PROBLEM STATEMENT
Retype the entries below exactly, dropping the images.

Caption-style text data
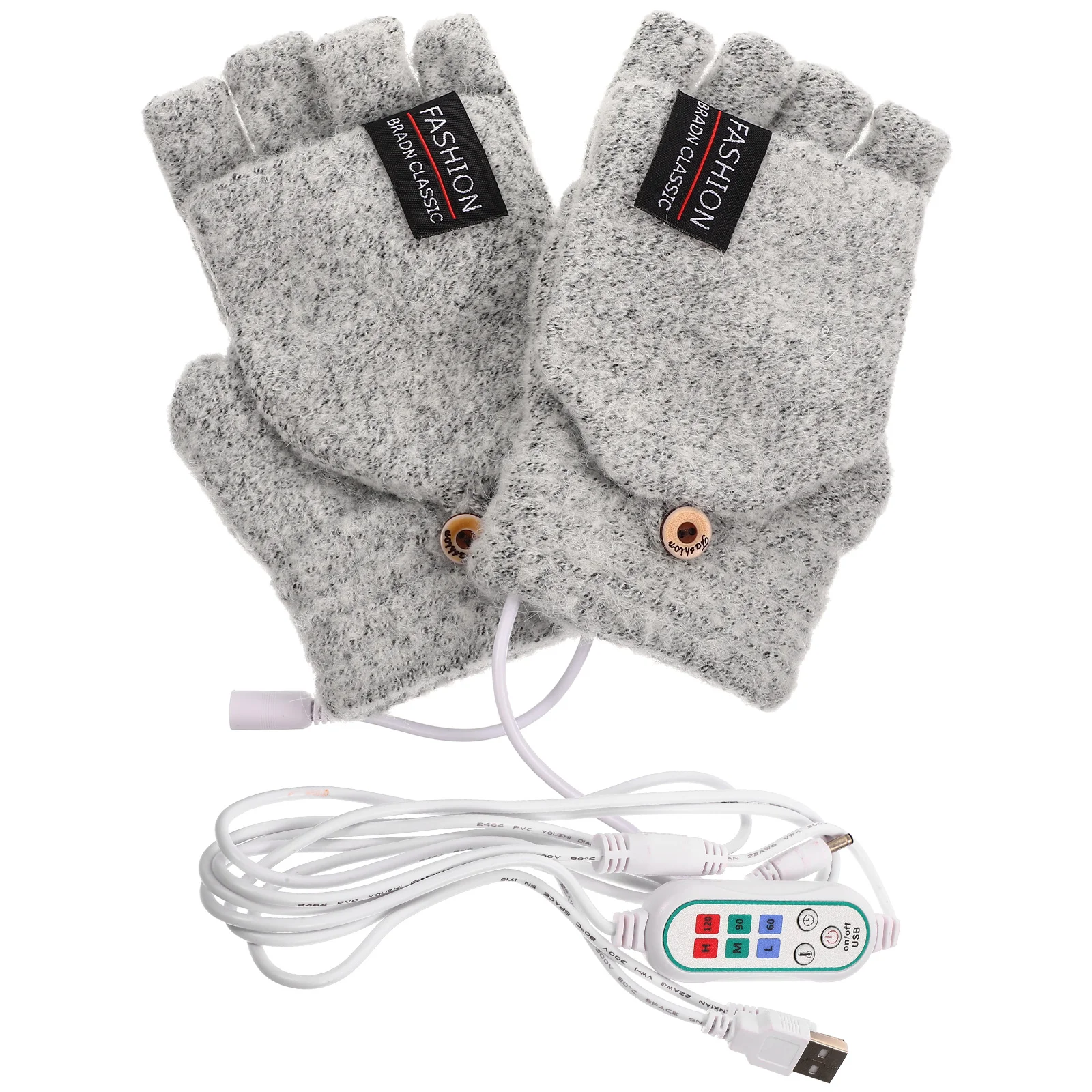 USB Heated Mittens Heating Gloves Sports Warm Keep Coffee Knitting Portable Thermal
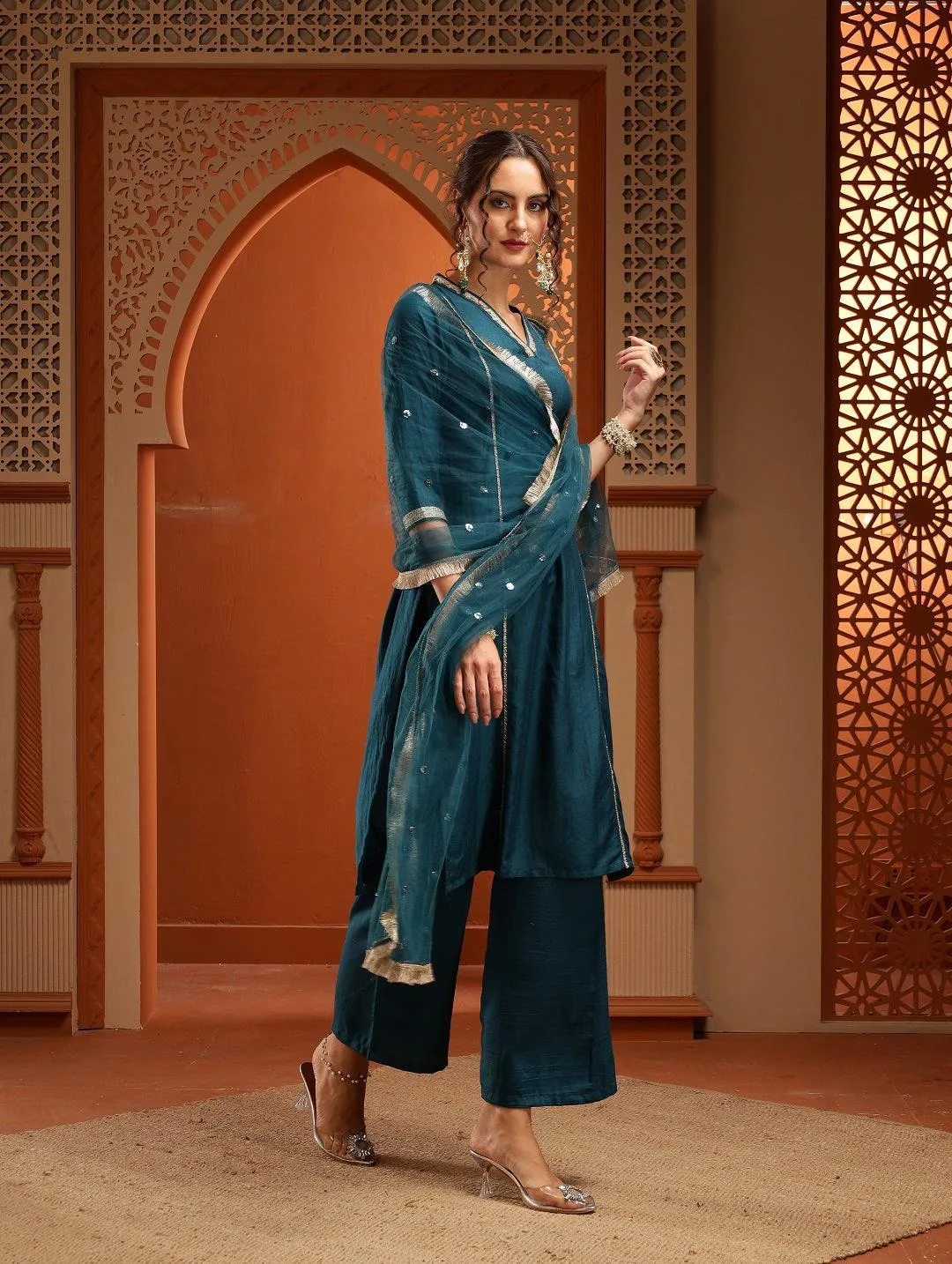 Chandni Teal Green Muslin Embroidered Kurta Set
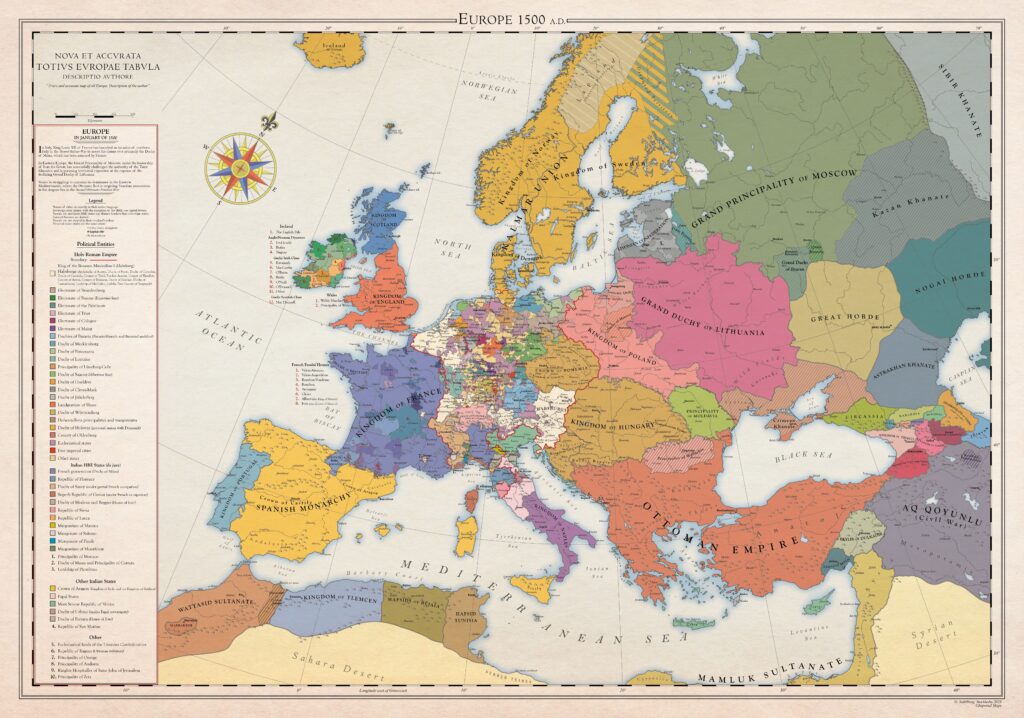 Mapa político de Europa (1500)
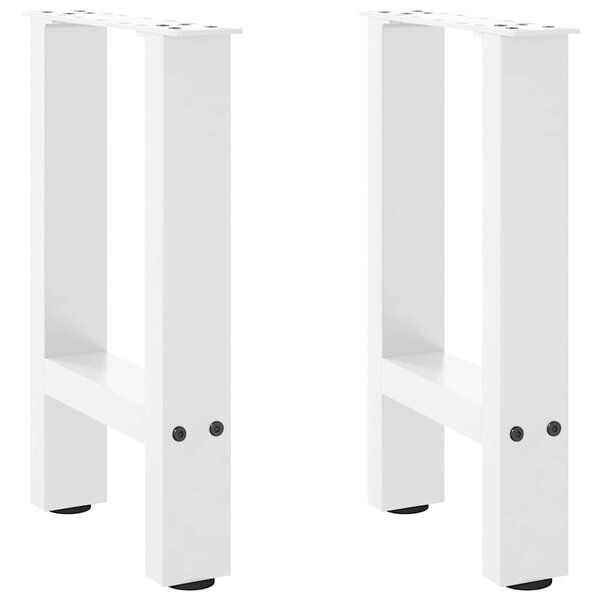 vidaXL Pieds de table basse Blanc 2 pièces 28 x (42-43) cm Acier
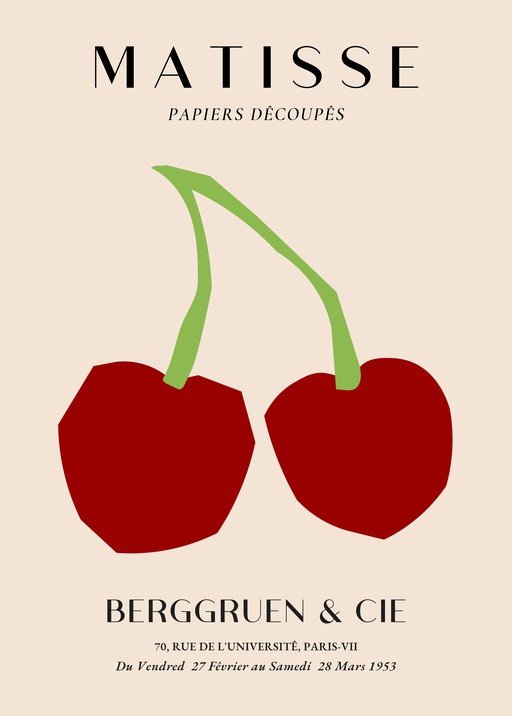 Matisse Papiers Découpés Cherry Poster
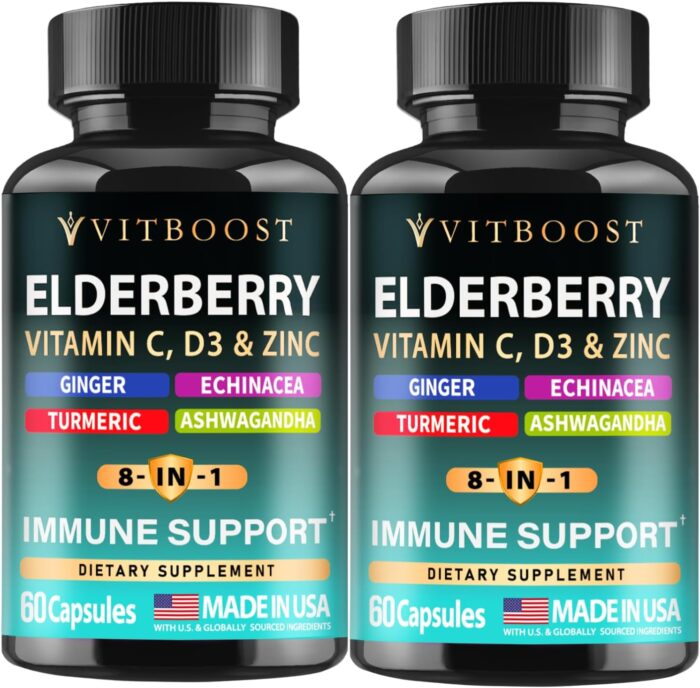 Elderberry Immune Support Supplement 8-in-1 Formula with Echinacea, Vitamin C & Zinc, Vitamin D 5000 IU, Turmeric, Ginger, Ashwagandha – Pack of 2 - Image 2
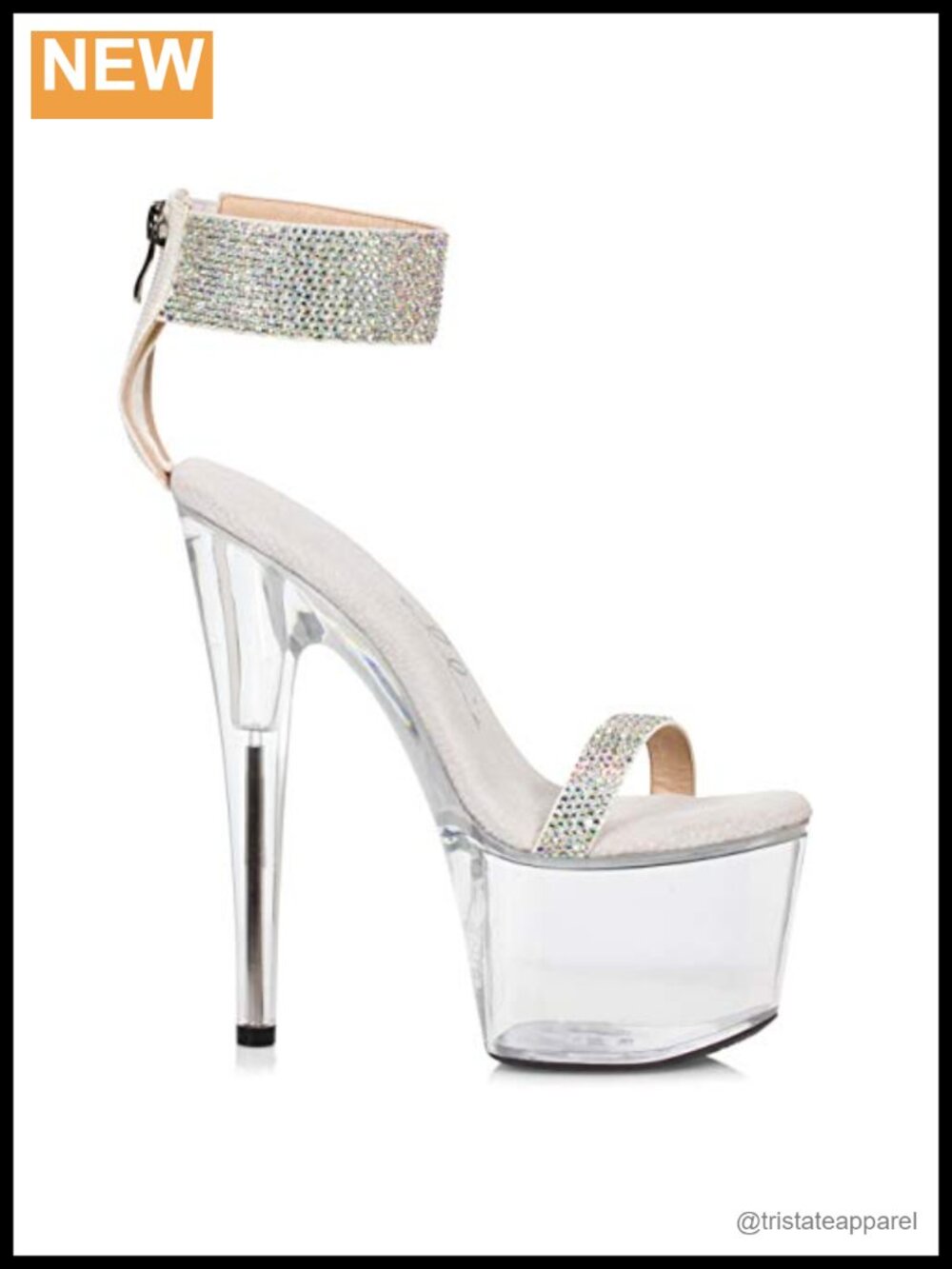 Rhinestone Cuff Platform Sandal Ankle Strap Zip Heeled Formal Wedding Shoes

RESPONSE TO THE EXERCISE
 USB Heated Mittens Heating Gloves Sports Warm Keep Coffee Knitting Portable Thermal
 Chandni Teal Green Muslin Embroidered Kurta Set
 Mapa político de Europa (1500)
 vidaXL Pieds de table basse Blanc 2 pièces 28 x (42-43) cm Acier
 Matisse Papiers Découpés Cherry Poster
 Elderberry Immune Support Supplement 8-in-1 Formula with Echinacea, Vitamin C & Zinc, Vitamin D 5000 IU, Turmeric, Ginger, Ashwagandha – Pack of 2 - Image 2
 Rhinestone Cuff Platform Sandal Ankle Strap Zip Heeled Formal Wedding Shoes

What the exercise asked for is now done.